The majority of research has focused on the structure of the HPC applications themselves. Various research teams attempted to improve the efficacy of caching, looked for ways to minimize interprocessor communications and explored a variety of similar measures, but each strategy offered performance gains of only a few percent. Another area of research has shown particular promise, however. By understanding the interaction between the HPC application and the system background processes, one can find ways to modify this interaction to improve performance.
In a seminal paper documenting their research into this interaction, researchers Petrini, Kerbyson and Paking of the Los Alamos National Labs (see the on-line Resources) quantified the loss in application performance caused by what they deemed “noise”—the interaction between large multiprocess MPI jobs and background processes. They observed that housekeeping tasks, or noise, delayed individual processors from reaching MPI barriers (synchronization points in the application) and caused all other processors to wait while one processor finished up its housekeeping. This resulted in wasted cycles on all other processors.
The top half of Figure 1 illustrates this interaction and how it results in lost performance. The processes illustrated are part of a parallel job, each running on a separate processor and periodically synchronizing through the use of MPI barriers. In the first part of the computation, Process 1 is delayed because the node's scheduler pauses process execution to run background processes, such as those found on every Linux or UNIX node. Processes 2 and 3 also are delayed. Repetition of this pattern results in substantially reduced sustained application performance. The magnitude of the impact is a function of the frequency with which barriers are encountered and the number of processors.
Petrini and colleagues quantified this loss of performance running SAGE, a compressible Eulerian hydrodynamics code, on their HPC system, named ASCI Q. ASCI Q is a cluster of 2,048 HP ES45 nodes, where each node is a four-way SMP. Petrini, et al., observed that better performance was obtained when they restricted SAGE to run on only three of the four processors in the SMP when more than 256 nodes were utilized. They theorized that this result was caused by background noise, and the theory was verified by eliminating many of the sources of noise and observing the improvement in performance.
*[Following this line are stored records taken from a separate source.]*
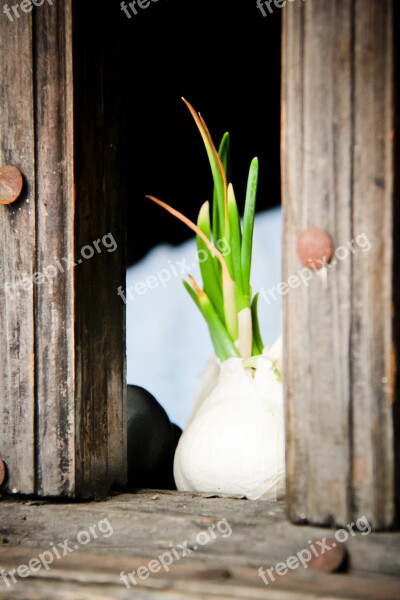 Garlic Green Window Wood Sprouting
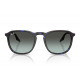 Солнцезащитные очки Ray-Ban RB 2203 1430GK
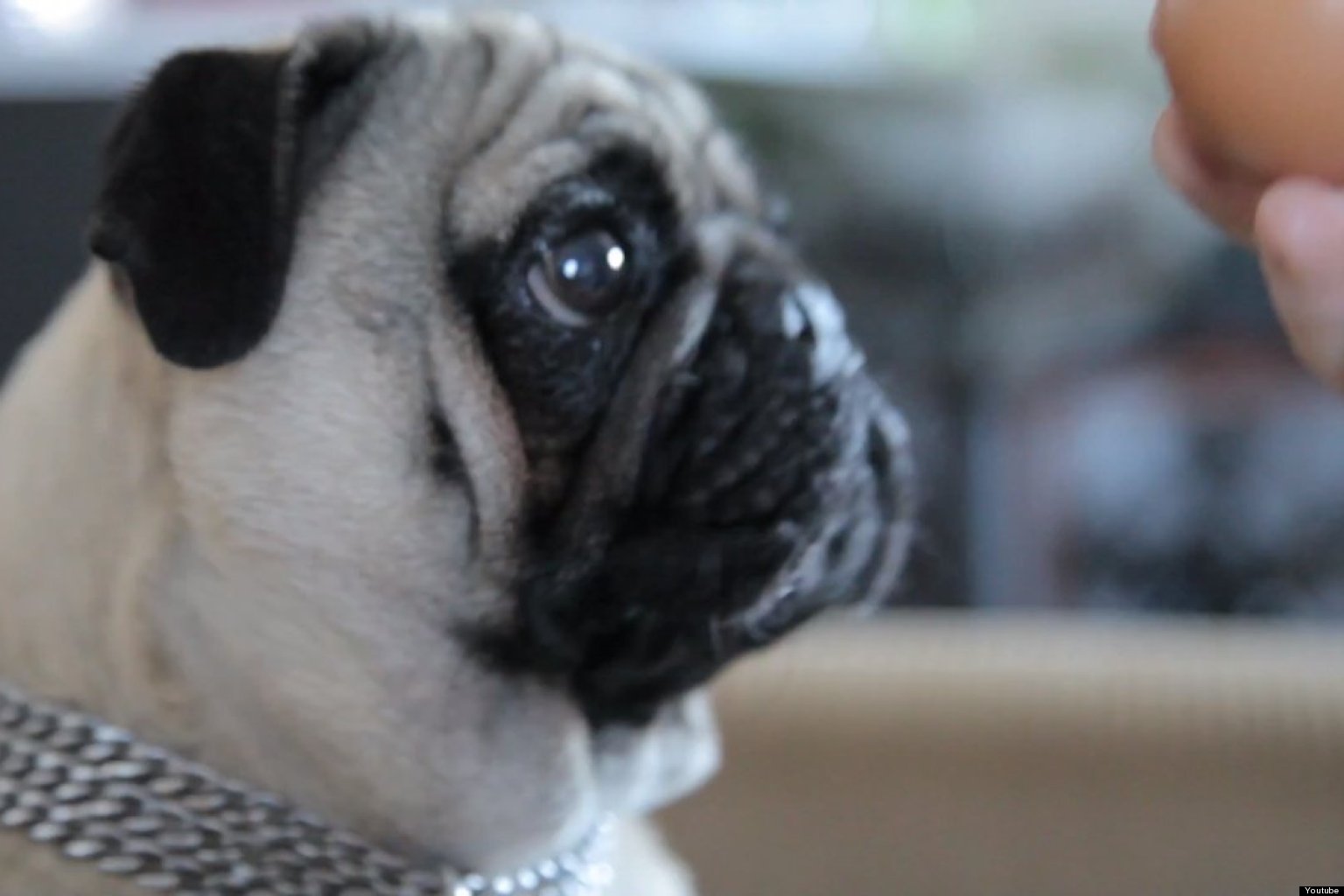 jellycat pablo pug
This research points to lack of process synchronization and wait time as the culprit that is robbing fine-grained and highly parallel HPC applications of up to 50% (and perhaps more) of their potential performance. Unfortunately, a means to stop this thievery still was not at hand. The method employed by Petrini, et al., to identify the culprit—restricting the system's freedom to run housekeeping tasks—doesn't present a practical solution for most HPC applications. The prospect of relegating one-quarter of the processors on an HPC system to running housekeeping tasks is not palatable to many HPC sites. In addition, many background processes cannot be removed, limiting the performance gain achievable using this approach.
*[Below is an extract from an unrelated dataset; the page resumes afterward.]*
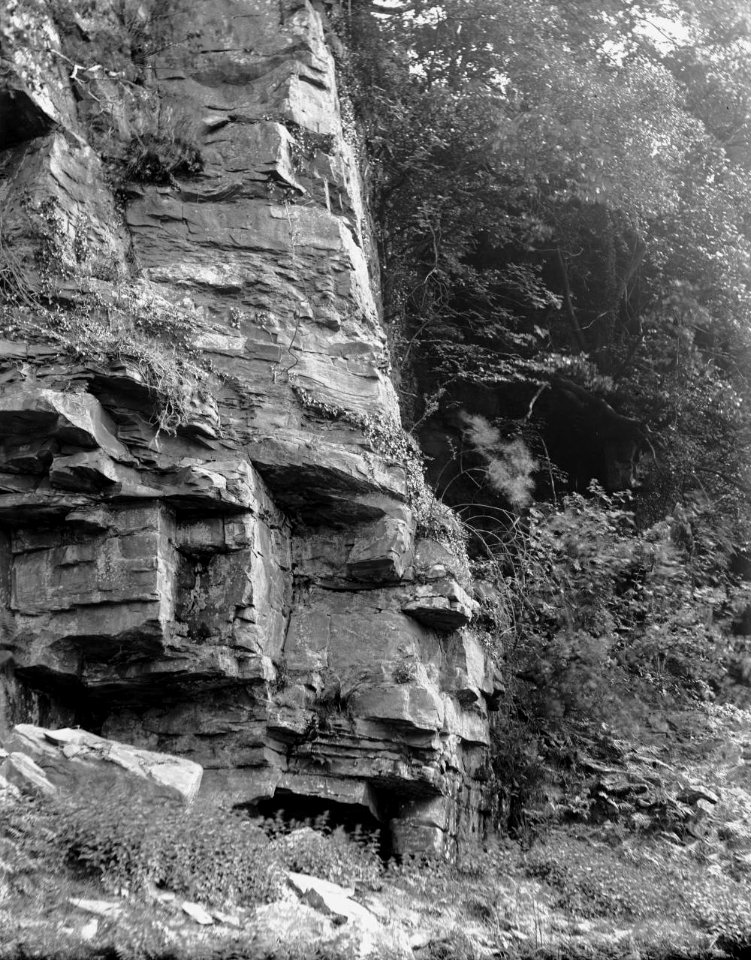 Rocks (1295131)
When we set out to build a new high-performance computer, we also set out to find a way to prevent this performance theft. We considered a new approach using the Linux scheduler to synchronize scheduling of MPI jobs and housekeeping tasks. Previous work and our research suggest that this new synchronized scheduling approach can deliver a 50% or greater performance boost to many fine-grained parallel applications running on 32 or more processors.
Our approach was to create a new Linux scheduling policy. To achieve the desired gains, this policy must synchronize the schedulers on all nodes in a Linux HPC system to ensure that MPI processes run concurrently on all processes and that Linux housekeeping processes execute at the same time. Thus, the scheduler must have a means to achieve global synchronization, as illustrated in Figure 1. To achieve global synchronization, we designed a feature in the communications processor to synchronize the clock in each processing node.
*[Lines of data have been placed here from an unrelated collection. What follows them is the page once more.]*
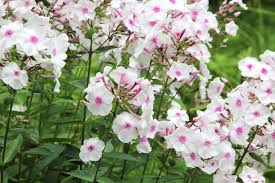 Maybe you would like to learn more about one of these? Phlox Schneiden Tutorial Mit Illustrierten Anleitungen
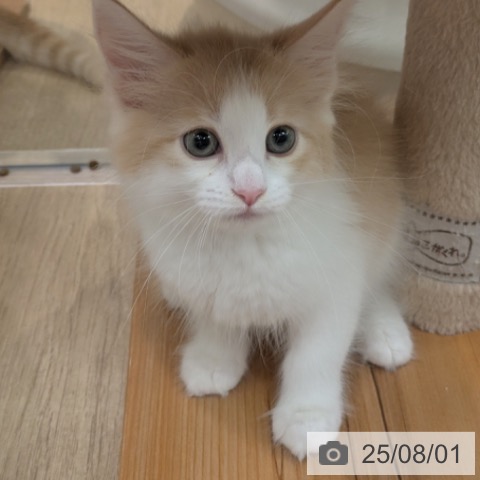 ノルウェージャンフォレストキャットの写真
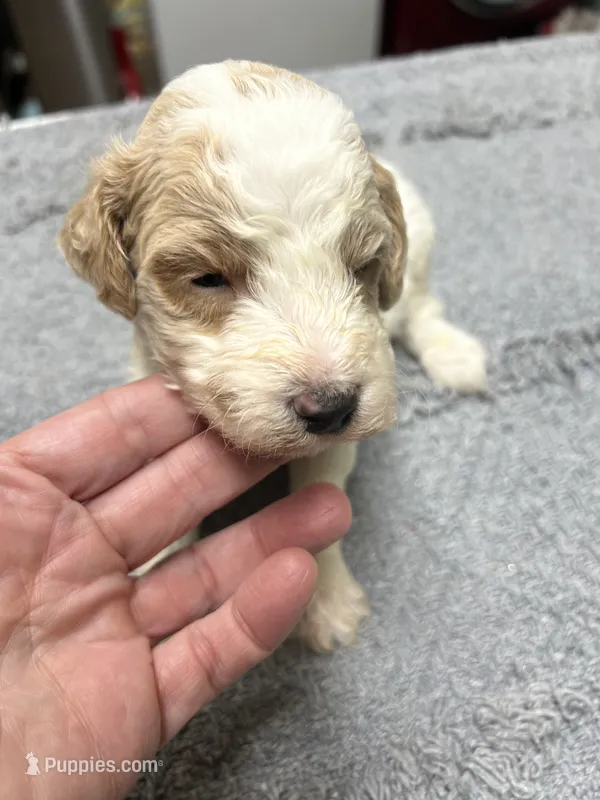 Charlie – Poodle - Miniature  puppy for sale in Smithville, TN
The new Linux scheduler policy defines a scheduling frame of 128 time slots, 120 of them reserved for application execution and eight for housekeeping processes. Schedulers on different processors are able to align their scheduling frames by exploiting a globally synchronized clock, which guarantees sub-microsecond variation in time between nodes in the system. At any moment in time, all processors either are executing the HPC application or running housekeeping processes (bottom half of Figure 1).
This approach to process synchronization is scalable to high processor counts, because scheduling decisions are made locally on each node. This provides a significant boost to sustained application performance by eliminating wasted CPU cycles caused by waiting at barriers.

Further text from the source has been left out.